Allowing another company to manage your entire sales cycle sounds nice when it comes to the cost and headaches associated with overseeing such a process. But giving up control like that can also mean giving up control on how your product gets sold. There’s now someone standing between you and your end user or customer. Sure, that person is your partner, but that does not mean you get to tell them what to do. They are going to do their thing. You just must let go and trust them.

Fewer Revenue Predictions

The lack of control extends into making predictions as well. Many channel partners will not let the other organization see the whole pipeline. After all, they don’t partner with just one company, and they’ve got a business to protect, too. This makes it difficult for the partnering organization to predict revenue because they cannot see where their customers are in their sales journeys. Organizations, in some cases, can at least offset this by increasing their partner pool and creating a larger pipeline.

More Partner Discounts

Partners will rarely pay full price for your product. If they did, they’d cease to exist.

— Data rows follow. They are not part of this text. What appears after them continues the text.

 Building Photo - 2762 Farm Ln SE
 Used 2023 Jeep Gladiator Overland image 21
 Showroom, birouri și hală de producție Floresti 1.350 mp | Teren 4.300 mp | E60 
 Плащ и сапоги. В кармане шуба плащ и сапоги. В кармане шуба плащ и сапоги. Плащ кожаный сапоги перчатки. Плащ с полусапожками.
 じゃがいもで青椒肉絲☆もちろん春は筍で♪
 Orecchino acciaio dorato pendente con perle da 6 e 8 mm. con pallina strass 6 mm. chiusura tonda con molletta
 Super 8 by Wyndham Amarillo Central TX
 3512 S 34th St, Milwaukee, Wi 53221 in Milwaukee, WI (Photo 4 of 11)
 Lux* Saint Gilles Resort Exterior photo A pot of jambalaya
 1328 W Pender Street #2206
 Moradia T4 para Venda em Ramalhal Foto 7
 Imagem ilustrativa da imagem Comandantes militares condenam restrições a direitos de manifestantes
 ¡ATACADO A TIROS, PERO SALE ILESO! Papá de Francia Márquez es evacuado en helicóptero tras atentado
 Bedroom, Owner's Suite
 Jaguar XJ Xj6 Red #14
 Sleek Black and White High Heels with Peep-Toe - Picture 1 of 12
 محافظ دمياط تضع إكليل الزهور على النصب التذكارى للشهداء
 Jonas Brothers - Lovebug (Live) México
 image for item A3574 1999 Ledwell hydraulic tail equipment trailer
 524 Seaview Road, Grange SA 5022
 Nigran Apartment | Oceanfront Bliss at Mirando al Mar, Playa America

Instead, they receive the organization’s product at a discounted rate so that they can get a reasonable profit on their end as well. For the main organization, this means potentially losing out on higher profits. Many see this as a necessary risk in the long run, but others see this as a red flag for channel sales.

Overall, the channel sales model has some flaws, all of which can be overcome with a little bit of hard work and strategy. It ultimately comes down to the organization’s desires: do you want more efficiency or control? That’s the biggest question.

What are the Differences between Direct Sales and Channel Sales?

The biggest differences between direct sales and channel sales all come down to control. In direct sales, your organization owns the reps’ workflows and their day-to-day activities. If you need them in the CRM, they’ll get in the CRM. Channel partners, however, don’t work this way. No matter how much you try to change, they reserve the right to have their own workflows and their own priorities.

This can become really frustrating for leaders because you can’t use the same technology to assign leads to inside sales reps and channel partners. Doing so would require them both to be in your CRM or partner portal and channel partners use their own. That’s why leaders need to consider the right sales stack for their teams to use.

How to Build a Sales Stack for Channel Sales

The sales stack necessary for channel sales success will look way different than one for an internal team. Still, any successful partner program will require a few tools if you want to get the most out of those partner relationships. The following list includes best practises and things to consider:

  1. Utilize a PRM tool

Like a CRM for a direct sales strategy, a partner relationship management (PRM) tool functions as the backbone for channel sales. You want to make the most out of your partner relationships, and a PRM allows you to manage your contacts and stay on top of those relationships.

  1. Easily integrate with the partner’s tech stack

Since you won’t be able to control the partner’s tech stack, the least you can do is integrate with their existing tools. Doing so allows you to input your data into their workflows, reducing the amount of information that slips through the cracks.

  1. Control lead assignment, distribution, and management

This might be the most crucial element of a successful channel sales strategy. Too often, organizations just treat every lead like they’re the same, sending them to just any channel partner. If your organization can ensure that the right leads are going to the right sales channel every time, you’ll see a lot more success. Each channel meets specific customer needs and sending them the leads with those needs will help them succeed.

Enabling your channel sales to close sales successfully is no easy task.